In this post, I'll break down my methodology, the "Aha!" moments during exploitation, and the technical evidence for each major finding.

1. Reconnaissance: Finding the Score Board

Every engagement begins with reconnaissance. While browsing the application, a common practice is to check the client-side code for hidden routes.

By inspecting the Debugger tab in Firefox and searching through main.js, I identified several hidden paths. The most important was the /score-board route. Navigating here allowed me to track my progress and understand the scope of the vulnerabilities present.

2. Injection: The Classic SQLi

The first major breakthrough was gaining Administrative access. The application's login form failed to sanitize input, allowing for a Classic SQL Injection.

  • Vulnerability: SQL Injection
  • Payload: ' OR 1=1 --
  • The Logic: This payload forces the database query to return "True" for the first user in the table (usually the Admin) while commenting out the password requirement.

3. Broken Authentication: Resetting Jim's Password

One of the trickier tasks involved gaining access to Jim's account. This wasn't a direct injection but a failure in the Forgot Password mechanism.

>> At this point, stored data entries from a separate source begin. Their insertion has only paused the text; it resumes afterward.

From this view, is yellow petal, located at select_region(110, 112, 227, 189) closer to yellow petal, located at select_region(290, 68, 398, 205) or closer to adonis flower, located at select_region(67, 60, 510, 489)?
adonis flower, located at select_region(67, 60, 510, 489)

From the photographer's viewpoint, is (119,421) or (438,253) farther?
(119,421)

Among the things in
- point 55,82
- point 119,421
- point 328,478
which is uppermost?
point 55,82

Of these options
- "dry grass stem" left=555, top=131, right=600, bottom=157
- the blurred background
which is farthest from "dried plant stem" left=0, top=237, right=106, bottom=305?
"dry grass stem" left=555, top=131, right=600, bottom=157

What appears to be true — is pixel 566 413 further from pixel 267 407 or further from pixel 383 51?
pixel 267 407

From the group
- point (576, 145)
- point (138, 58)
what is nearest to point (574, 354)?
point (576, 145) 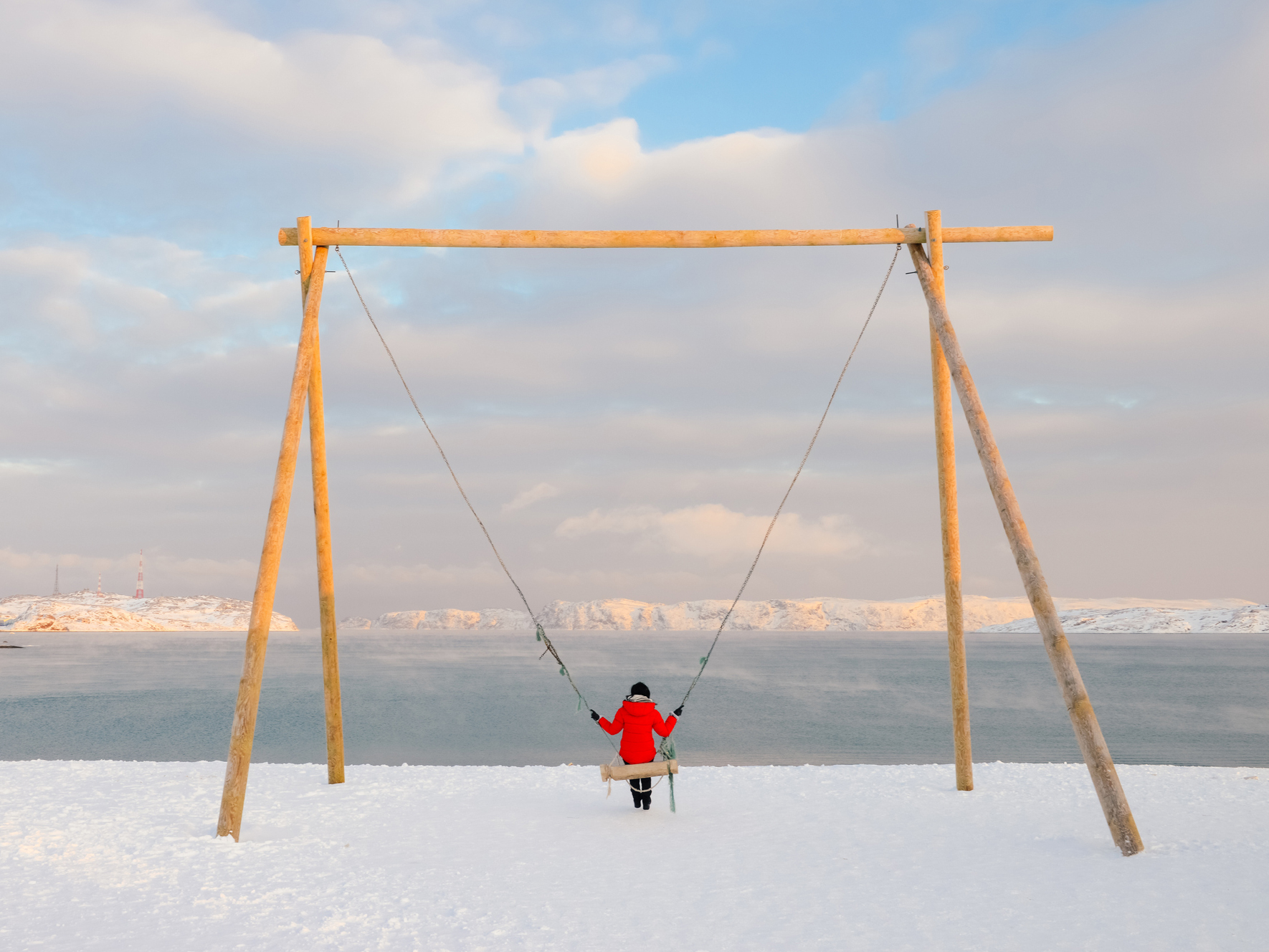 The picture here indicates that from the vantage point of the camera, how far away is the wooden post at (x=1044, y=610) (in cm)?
723

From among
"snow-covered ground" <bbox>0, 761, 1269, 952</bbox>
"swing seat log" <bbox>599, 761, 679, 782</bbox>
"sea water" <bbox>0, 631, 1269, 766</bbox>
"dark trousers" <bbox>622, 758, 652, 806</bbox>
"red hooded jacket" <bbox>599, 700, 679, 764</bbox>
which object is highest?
"red hooded jacket" <bbox>599, 700, 679, 764</bbox>

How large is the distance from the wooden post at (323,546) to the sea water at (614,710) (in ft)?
54.3

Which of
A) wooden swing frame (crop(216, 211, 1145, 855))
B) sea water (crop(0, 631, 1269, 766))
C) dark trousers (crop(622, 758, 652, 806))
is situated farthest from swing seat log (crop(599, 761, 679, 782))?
sea water (crop(0, 631, 1269, 766))

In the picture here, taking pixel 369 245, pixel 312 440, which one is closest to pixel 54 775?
pixel 312 440

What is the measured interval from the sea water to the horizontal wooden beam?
19264 mm

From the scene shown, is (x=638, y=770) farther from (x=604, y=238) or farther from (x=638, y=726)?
(x=604, y=238)

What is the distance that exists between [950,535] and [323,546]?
7.31m

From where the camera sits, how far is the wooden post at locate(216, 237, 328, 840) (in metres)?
8.16

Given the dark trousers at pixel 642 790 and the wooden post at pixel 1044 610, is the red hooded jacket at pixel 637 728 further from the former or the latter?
the wooden post at pixel 1044 610

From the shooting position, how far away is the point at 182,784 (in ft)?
35.9

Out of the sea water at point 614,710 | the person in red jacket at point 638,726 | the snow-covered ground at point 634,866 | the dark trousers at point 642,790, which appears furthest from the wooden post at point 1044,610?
the sea water at point 614,710

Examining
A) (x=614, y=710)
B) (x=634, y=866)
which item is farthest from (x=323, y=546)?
(x=614, y=710)

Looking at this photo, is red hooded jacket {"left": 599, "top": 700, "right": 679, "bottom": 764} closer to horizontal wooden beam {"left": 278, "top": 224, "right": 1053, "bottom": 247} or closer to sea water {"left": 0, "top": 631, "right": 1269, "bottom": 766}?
horizontal wooden beam {"left": 278, "top": 224, "right": 1053, "bottom": 247}

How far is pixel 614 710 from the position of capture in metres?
57.5
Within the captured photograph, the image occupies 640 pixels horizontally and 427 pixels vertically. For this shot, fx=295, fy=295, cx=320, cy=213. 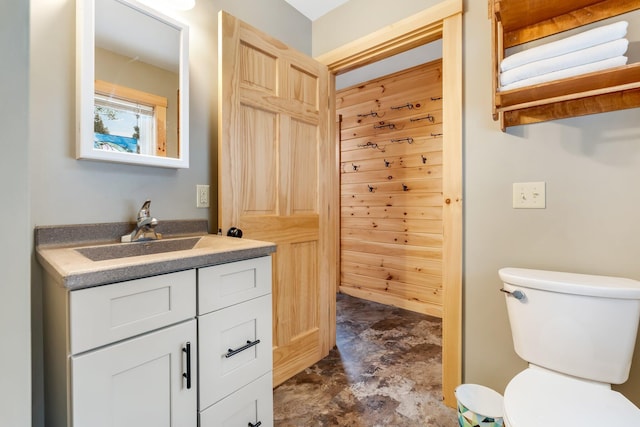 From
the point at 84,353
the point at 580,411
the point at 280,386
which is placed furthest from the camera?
the point at 280,386

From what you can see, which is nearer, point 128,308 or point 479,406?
point 128,308

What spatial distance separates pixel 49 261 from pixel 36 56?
0.78 metres

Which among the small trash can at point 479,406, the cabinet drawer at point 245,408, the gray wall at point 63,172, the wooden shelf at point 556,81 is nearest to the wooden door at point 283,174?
the gray wall at point 63,172

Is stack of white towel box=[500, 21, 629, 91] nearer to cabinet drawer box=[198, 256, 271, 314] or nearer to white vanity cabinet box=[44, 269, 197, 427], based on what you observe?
cabinet drawer box=[198, 256, 271, 314]

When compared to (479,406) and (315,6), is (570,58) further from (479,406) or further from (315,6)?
(315,6)

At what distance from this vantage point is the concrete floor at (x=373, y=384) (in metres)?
1.48

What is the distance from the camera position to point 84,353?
0.74 meters

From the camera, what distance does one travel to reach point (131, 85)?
1305 mm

  • The Exploit: I used the security question "What is your eldest siblings' name?"
  • The Gap: I had to cross-reference Jim's profile and publicly available information within the shop to find the answer.
  • Automation: I used Burp Suite Intruder to automate the password reset request, confirming the success when the server returned a 200 OK response.

4. Broken Access Control: IDOR in Baskets

Insecure Direct Object Reference (IDOR) occurs when an application provides direct access to objects based on user-supplied input.

  • The Evidence: While logged in, I noticed the URL for my basket was /rest/basket/1.
  • The Attack: By simply changing the integer to /rest/basket/2, I was able to view another user's private shopping cart. This represents a massive privacy breach where session tokens are not properly validated against the requested resource.

5. Improper Input Validation: The Poison Null Byte

The most technical challenge was bypassing the file download filter in the /ftp directory. The server was configured to only allow the download of .md or .pdf files.

  • The Goal: Download package.json.bak (a forbidden file).
  • The Payload: /ftp/package.json.bak%2500.md
  • The Technical "Why": 1. The application sees .md at the end and allows the request. 2. The %2500 is a double-encoded Null Byte. 3. When the backend filesystem processes the path, it stops at the Null Byte, ignoring everything after it. 4. Result: The server delivers the .bak file, exposing internal application dependencies and security configurations.